Archive for September 19th, 2008
Reply to “How Good Are Internet Sources?”
(Blogger “Emily” has mentioned a post in my climate blog as an example of what to look for when deciding to trust an internet source or not. Here’s my reply)
I definitely agree, the only way to measure the truthfulness of a story is by keeping a critical, inquiring mind always turned on, looking first to check if a story is internally consistent, then if it can be verified independently, and finally if it leads to obvious consequences. If somebody says people are living in tents, then one or more organizations helping the homeless must be reporting something about that too.
There is always a limit though, as resources are not…unlimited. In my blog you linked to, there is a language barrier that would need a dedicated professional translator to bridge. In my experience the situation is even worse the other way around, as I often try to convey in Italian, to an Italian audience that is, pieces of interesting information originally written in English.
Or, say, think about the report from Austria on hailstones coming out of a toilet. If you search for it on the Internet, there are pictures of a bathroom covered indeed with what look like tiny clumps of ice. But how can we tell if the pictures themselves are not fake, or even staged?

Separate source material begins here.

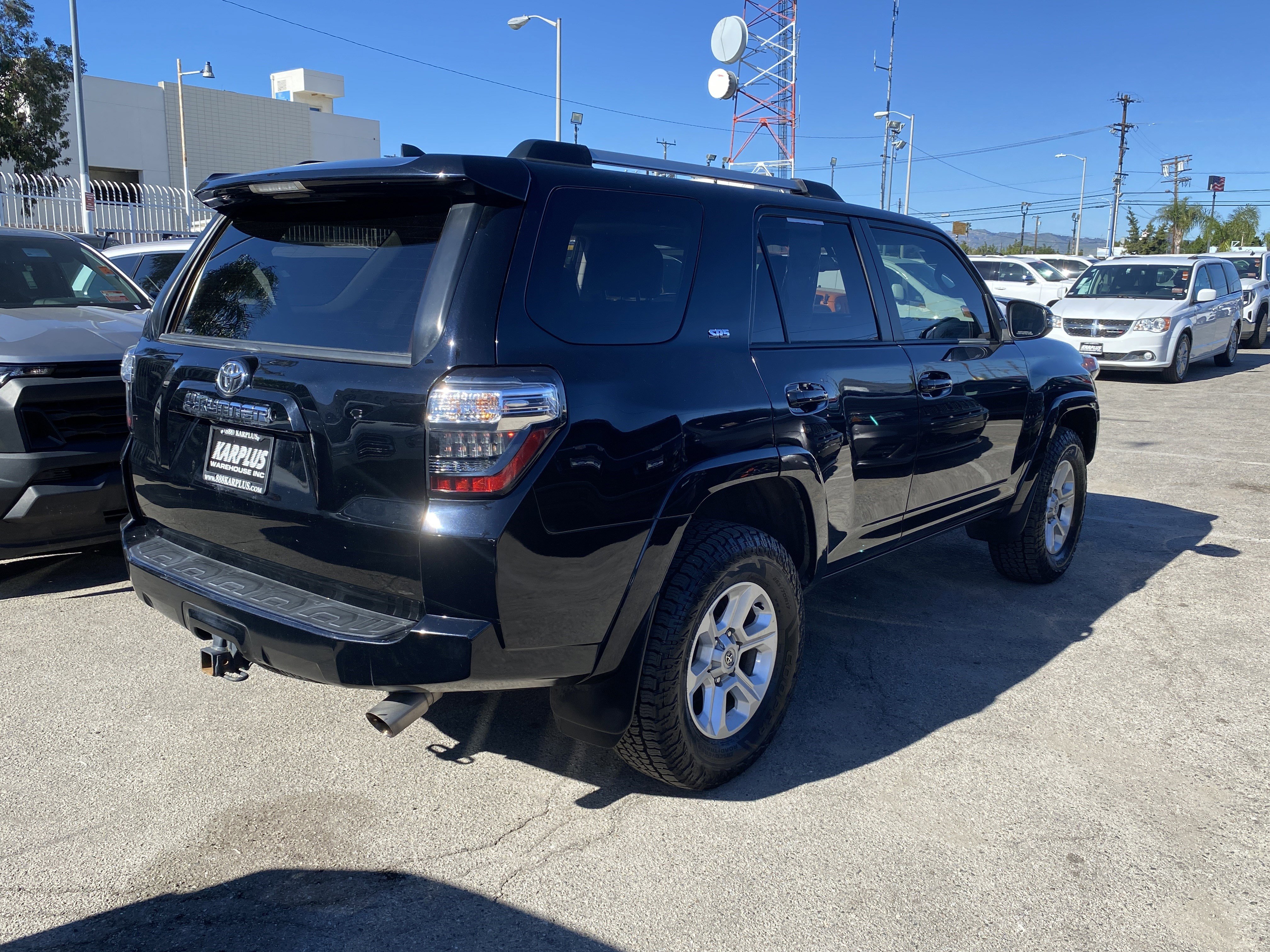 Used 2019 Toyota 4Runner SR5 Premium image 5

Fact is, we cannot do that. Or at least, we cannot do it in a universal sense, in a way that we know will be the same for all fellow human beings. At the end of the line, there is always a judgement call, by each individual: and different individuals will look for different “signs” in a story to confirm its truthfulness, they will hold it to different standards, and at the end of the day will (perfectly reasonably) arrive at different conclusions.

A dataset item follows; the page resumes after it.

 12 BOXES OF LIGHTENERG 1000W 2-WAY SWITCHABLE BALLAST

Part of living as a human being should be about peacefully handling those differences. Unfortunately, a great deal of us are still convinced “truth” is something that can be beaten into (bombed upon, knifed into, shot into) other people.

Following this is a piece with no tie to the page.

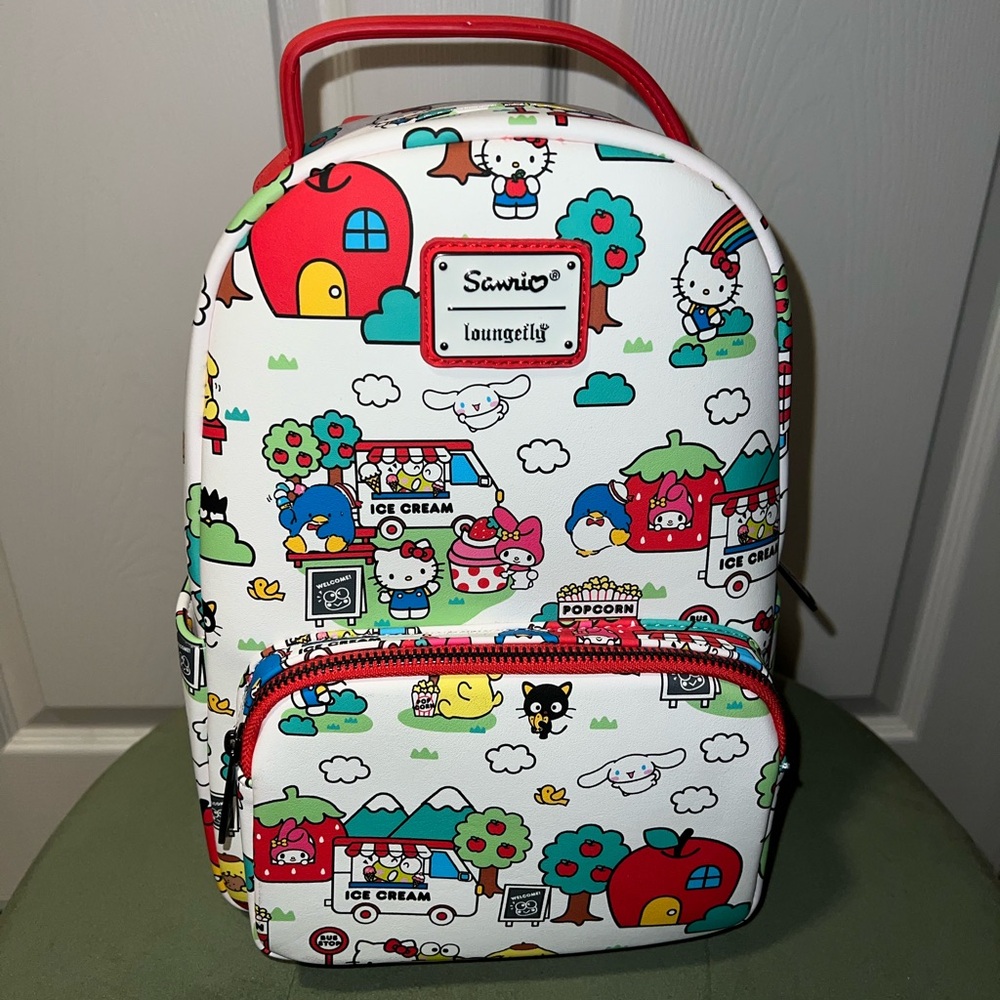 Sanrio Loungefly Hello Kitty Backpack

All in all, the question perhaps is not “how good are Internet sources?”. Rather, “how good are we in dealing with them?”
ps my own preferred “truthfulness test” is Carl Sagan’s. Extraordinary claims must be backed by extraordinary evidence. People living in tents in perilous economic times? It has happened already -> not an extraordinary claim -> a good article with references, and some minor additional confirmation do suffice to take the story as true.
Human beings changing the planetary temperature by minutely increasing the presence of a trace gas? It has never happened, and CO2 physics says the effect is logarithmic (each additional molecule matters less than the one emitted immediately before it) -> such an extraordinary claim will need something stronger to it than what we have at the moment.
Some people disagree with the above. And that’s fine to me.